Each pilot plan will consist of the following elements:
Preparing For The Pilot
When the pilot plan is ready for review, the project team members will present it to the Board for approval. For each pilot, the plan will include support team roles – innovators, installers, testers and outside resources. Team members will be trained on the technology and provided with supporting documentation with regards to the role(s) they will play.
Testing & Monitoring
The pilot participants will provide feedback at agreed upon intervals as outlined in the pilot plan. Participants will report to the Project Leader about how well the design and features are working. Incident reports will be completed as per the project plan. The level of support required will dictate compensation and/or cost sharing with the inventor(s)and will be outlined in the Service Level Agreement.
When issues arise during pilot testing, OASIS will ensure all participants are notified via an “incident tracking system”. The “incident tracking system” will allow participants to post their issues, procedures will be incorporated into OASIS’s Policy Manual. The Service Level Agreement will outline how issues will be reviewed, prioritized, escalated and resolved.

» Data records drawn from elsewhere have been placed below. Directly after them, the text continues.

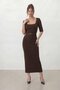 Square Neck Belt Detailed Half Sleeve Midi Dress - 2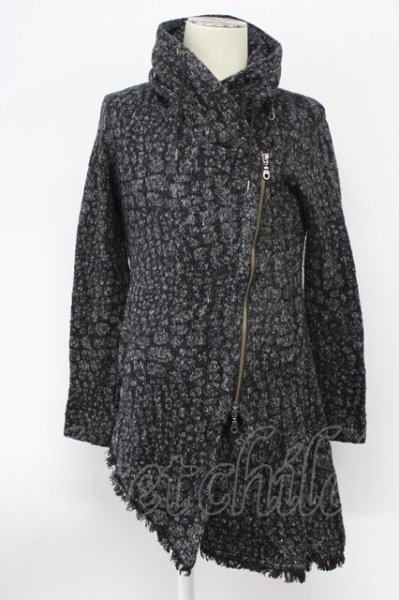 画像1: TORNADO MART / クロゼットフードフリンジロングパーカー  ブラックｘグレー T-25-11-20-013-TO-ou-YM-ZT (1)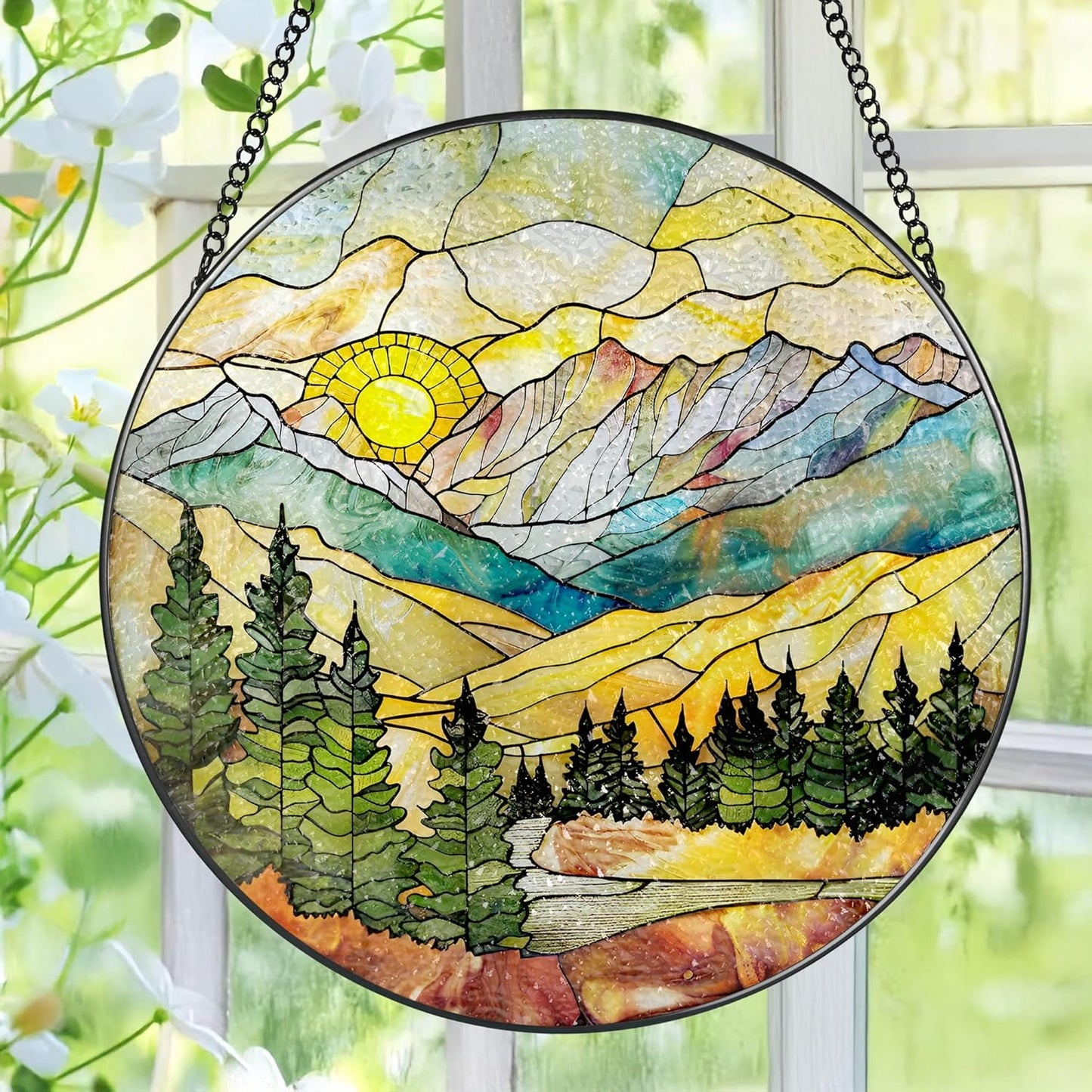 Stained Glass Window Hanging - 8 Inch Mountain Range Suncatcher for Window Doors Home Decoration, Valentine's Day Mother's Day Christmas Birthday Gifts for Women, Men, and Mom Grandma
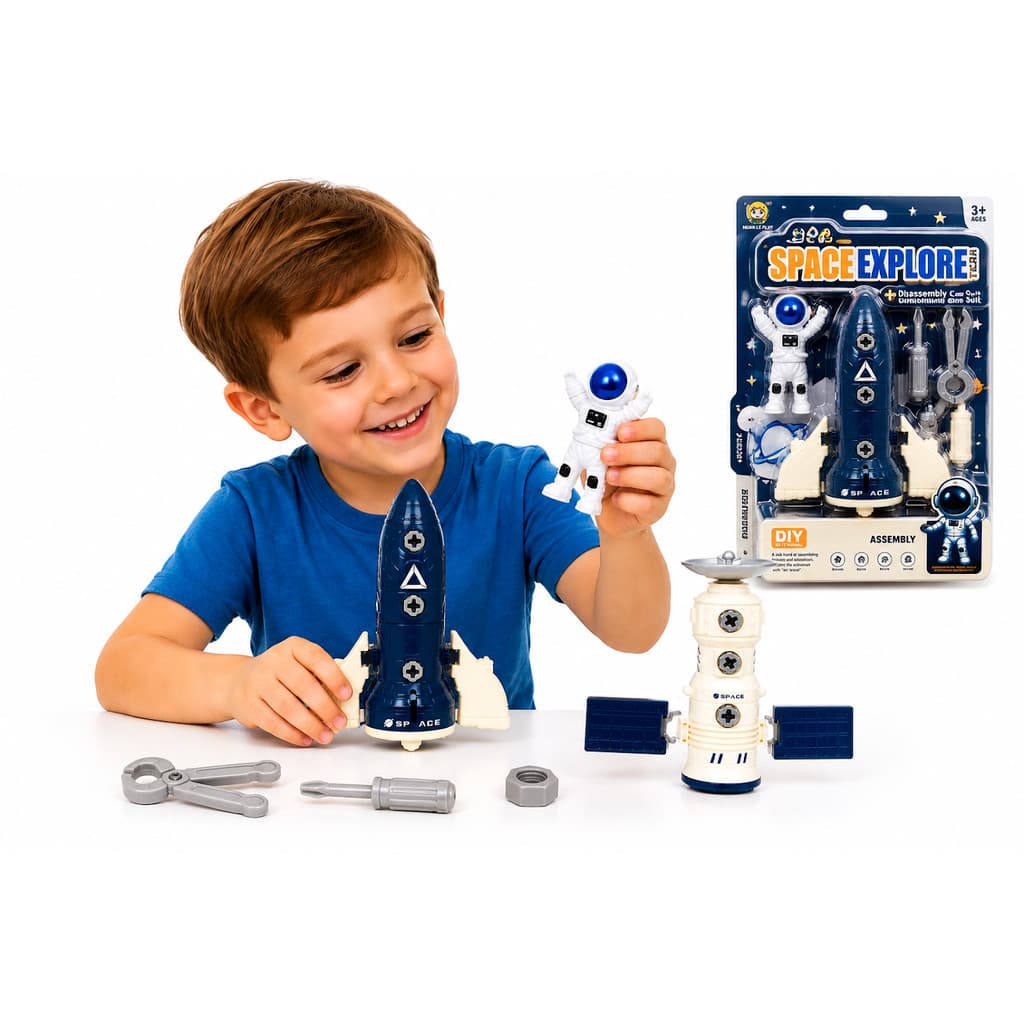 Kit 2 Boneco Foguete Satélite Monta Desmonta Nave Astronauta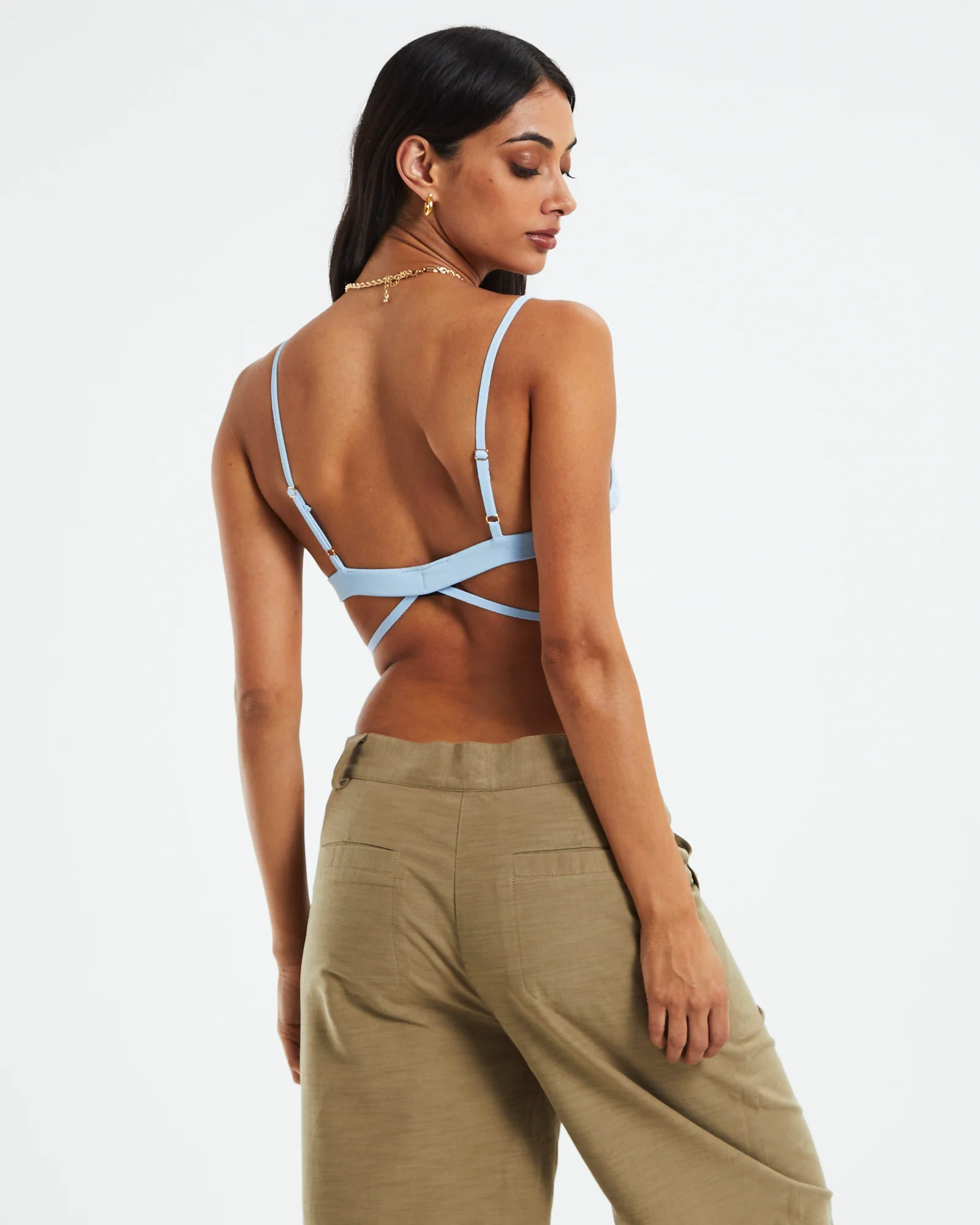 Lisa Strappy Knit Bralette Blue - Image 3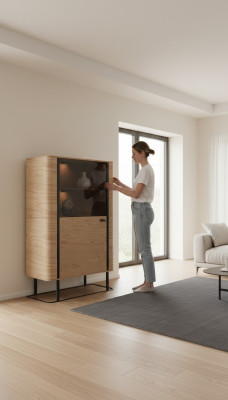 Vitrine Archiefkast Kast Vitrines Kantoor Woonkamer Decor Hoge kast.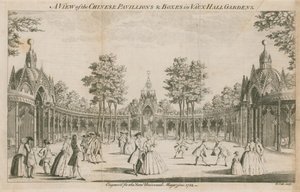 Vue des pavillons chinois et des loges dans les jardins de Vauxhall, Londres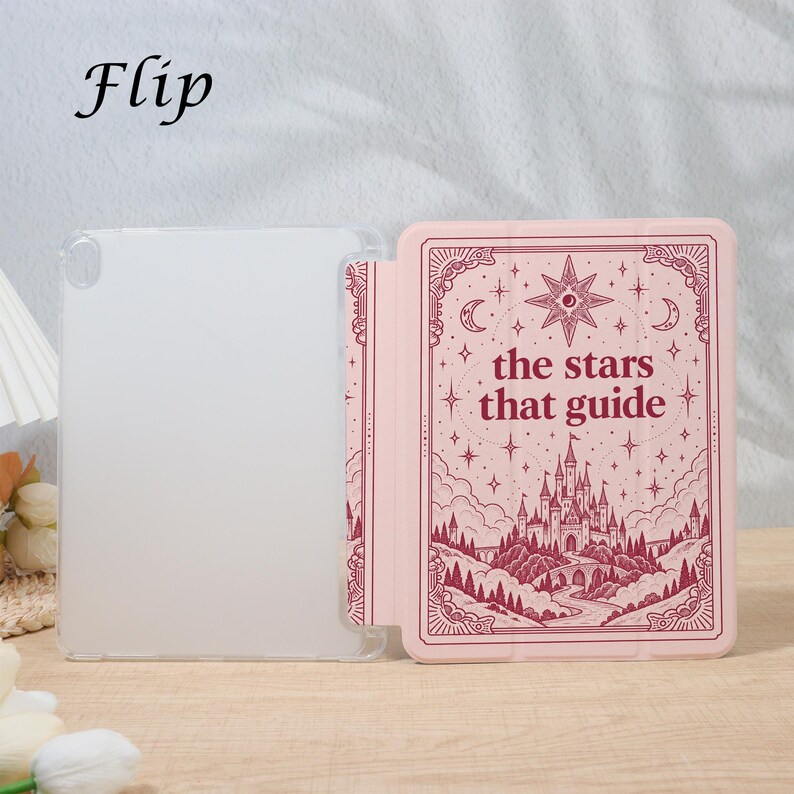 Shell Castle Style Pink Celestial Book Cover iPad Case With Pen Holder, Personalized Cover ...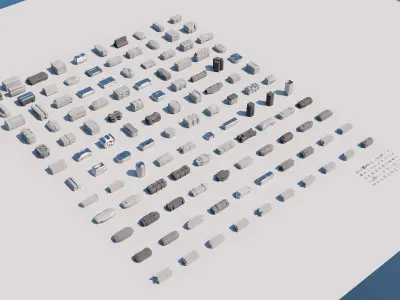 sci-fi crates and containers collection 01 - 110 items 3D model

As part of the Risk Assessment and Contingency Plan, a list of scenarios under which problems may occur shall be developed by the Team Leader. The Team Leader will determine which systems might be affected and their functional dependencies. The Team Leader will meet and discuss with all participants to define ‘acceptable downtime’. They will define how much downtime the project can accommodate – and when necessary, schedule the pilot for off-peak hours or months.
Evaluation
As part of the pilot planning phase, baseline metrics will be established: current system functionalities, performance, reliability etc… Similar metrics will be collected after the pilot is complete. These metrics will be used to evaluate the success of the pilot. The evaluation plan will describe how the Project Team will collect data from all participants to use to provide feedback in regards to design changes that might be necessary prior to product launch.
The Project Team will also provide feedback on whether or not a subsequent pilot is required before commercialization.
Cost Sharing
The Board of Directors shall determine cost sharing of pilot projects on a case-by-case basis.
Training Materials
Audio/visual and graphic design support will be available to project teams to develop and test end-user training materials and will be charged accordingly to the vendor.
Production & Deployment
If the pilot is successful, the Project Team will work with the organization to discuss opportunities for local production, deployment and general business support.